The Citizens, who had beaten Fredrikstad of Norway in the European Cup Winners’ Cup the previous season, before losing 3-0 on aggregate to mighty Atletico Madrid in the next stage, were managed by ex-Welsh international John Mahoney, whose style of management influenced Steve immensely.

Whilst at Farrar Road, he played for Wales against England at semi-professional level.

Steve spent two good seasons at Bangor, playing in a side which won promotion to the new NPL Premier Division in 1986-87.

Mike Smith, webmaster for City-based Citizens Choice, said the following about Crompton under the 1980’s club legends section: “Seldom has a stronger, more physical right winger been seen at Farrar Road, bulldozing his way down the right wing to launch perfect crosses for the likes of Carl Dale, Mark Ferguson and, of course Tony Livens, to convert.

“But that is precisely the legacy left by Steve Crompton, who joined Bangor during the mid-eighties and won the hearts of blues fans with his strong running but more importantly telling crosses.

“In a crisis Steve could drop into centre half and defend with immense force and purpose.”
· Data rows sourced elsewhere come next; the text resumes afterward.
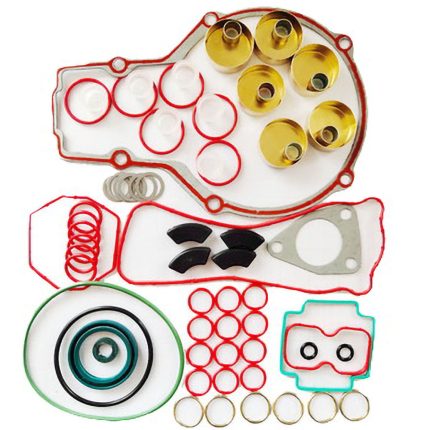 P8500 Diesel Injection Pump Rebuild Kit for 6B 6BT 12V 5.9 5.9L Dodge Cummins Brand New!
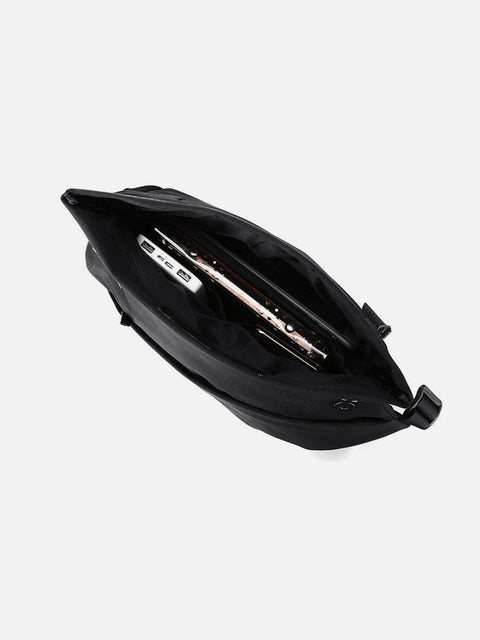 Folds Patchwork Bag - Anagoc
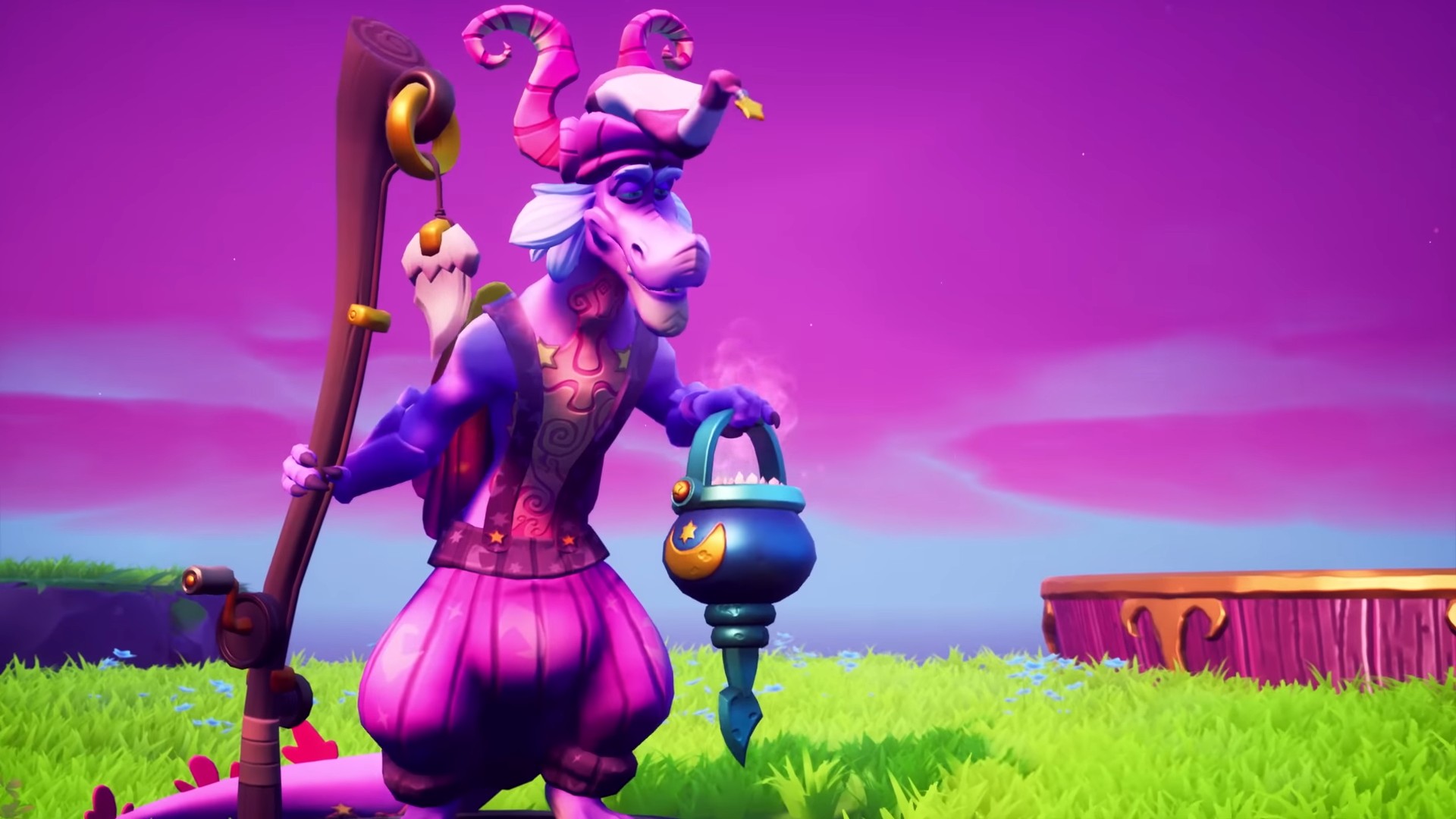 Spyro Reignited Trilogy (PS4)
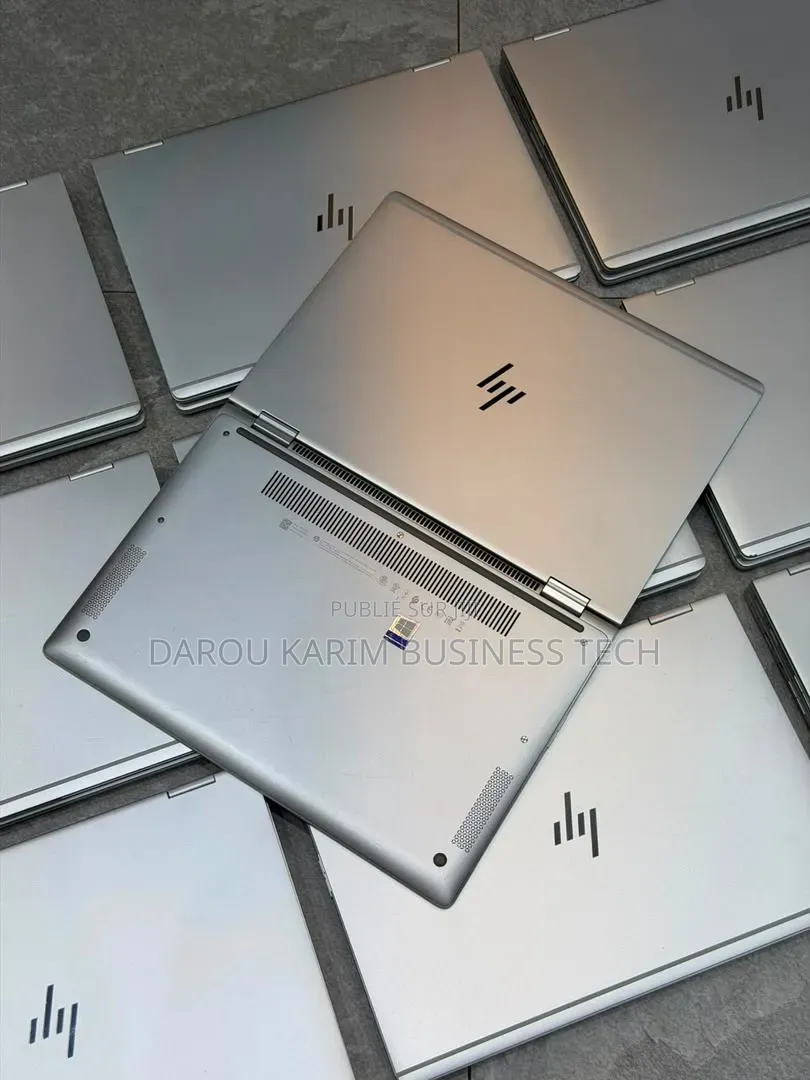 Nouveau HP EliteBook X360 1030 G2 8GB Intel Core i5 SSD 256GB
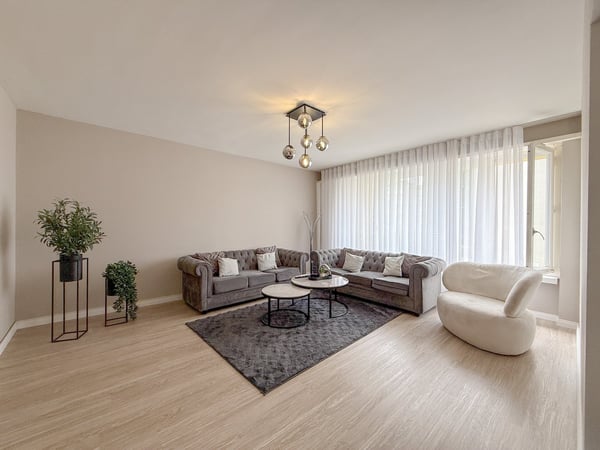 Helle 4-Zimmer-Wohnung mit Balkon in Kreuzlingen – frisch renoviert! 2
On leaving Bangor at the end of 1987-88, Steve went into coaching and completed a seven-year stint at Ruthin Town in their youth set-up, completing all the qualifications required.

His passion for the adult game was reignited when in 2004, he joined Colin Caton at Bala Town, who at the time were in the tier 2 Huws Gray Cymru Alliance.

Steve obtained his UEFA B licence from the Welsh FA while at Bala, where he spent seven successful seasons, helping guide the club to the top-flight Welsh Premier.

Steve (back row, second from right) lines up during his time as manager at Corwen

Crompton next tried his hand at management with a return to Ruthin Town in 2011. He stepped down in January 2013 before later taking over at Corwen, leaving in 2017.

Then came four years with Llandyrnog.

In an interview with Grassroots North Wales back in 2017, Steve was asked what were his career highlights.

“When I was at Wolves there were loads of excellent players, it would be hard to pick one,” he said.

“When I was at Hereford United I played alongside a young Kevin Sheedy – you could see he was destined for greatness.

“Also at Hereford at the opposite end of his career was a player/coach by the name of Terry Paine. Terry in his heyday was a really top player, he was in the England 1966 World Cup squad and was an older day Paul Scholes.

“What a superb player, you just couldn’t get the ball off him.

“As far as playing against, I once had the honour of playing in, believe it or not, a Hereford United reserves game v Fulham reserves in the 1980s and facing us on the other side of the pitch was George Best – how’s that for a name drop !!!.

“He’d had an injury and was coming back to fitness. Everybody on that day played out of their skins and we actually won 3-1.”

Recalling facing the legendary Best is probably a quite good point to conclude this article on Steve Crompton, a man who has used his impressive background as a player to benefit North Wales football on the management side for many years.